All attribute names must be contained in the LDAP schema that is specified in the task.cfg file. By default, this is inetOrgPerson. If the attribute names in your input file differ from those contained in the declared schema, you must map the attribute names in your input file to ones defined in inetOrgPerson.

Map the attribute names by first specifying the external database attribute name, a colon, then the associated LDAP attribute name. Separate attributes with a comma, as shown in the following example:

LineFormat=ID:uid,NTDOMAINACCOUNT:cn,SURNAME:sn,
GIVENNAME:givenName,INITIALS:initials

The order in which you specify the attributes is important; it must match exactly the order of the data supplied in your comma-separated value data file.

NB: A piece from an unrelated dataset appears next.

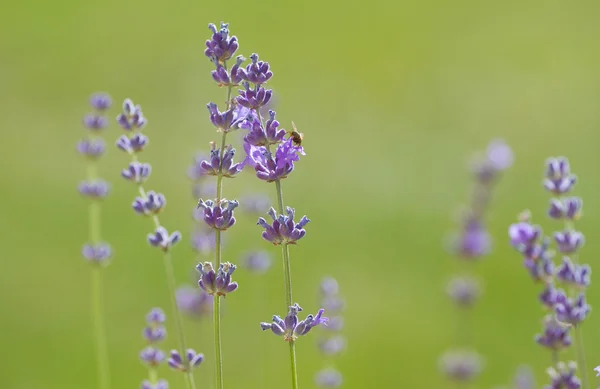 Красиві lavenders — стокове фото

Normally, you can find the order of the attributes listed in the header of the data file. For an example of this, review the comma-separated value data file that is supplied with the product, sampledata.csv.

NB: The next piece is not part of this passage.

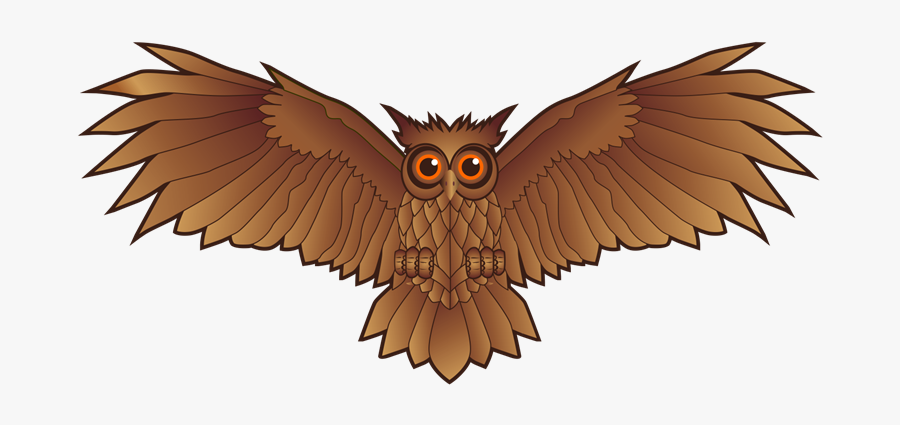Wing Clipart Owl - Owl Wings Clip Art, Transparent Clipart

Specify a "format" if your data file uses a separator other than a comma.

The format can be either a character delimiter, a regular expression, or a field size (which is indicated by a digit). To specify a format, follow the external database attribute name with a pound sign (#) and list the necessary format, as shown below in the example for ImportLineFormat.

Specify the ImportLineFormat if you are going to import into your external database any modifications that are generated through the Universal Text Connector.

In the ImportLineFormat statement, supply the names of attributes generated by the Universal Text Connector in the order that you need them to be written to the output file. This is the order that your external database will import the entry attributes.

Specify the LDAP attribute name, a colon, then the external database attribute name. Follow the external database attribute name with a pound sign (#) and the delimiter, which in the following example is a comma. Separate each attribute listed with a comma, as shown in the following example:

ImportLineFormat=operation#,,uid:ID#,,
cn:NTDOMAINACCOUNT#,,   sn:SURNAME#,,
givenName:GIVENNAME#,,initials:INITIALS#,,

As shown in the example above, the first data value is an operation, the value of which can be either add, modify, or delete. The operation indicates the database action needed to process the respective entry.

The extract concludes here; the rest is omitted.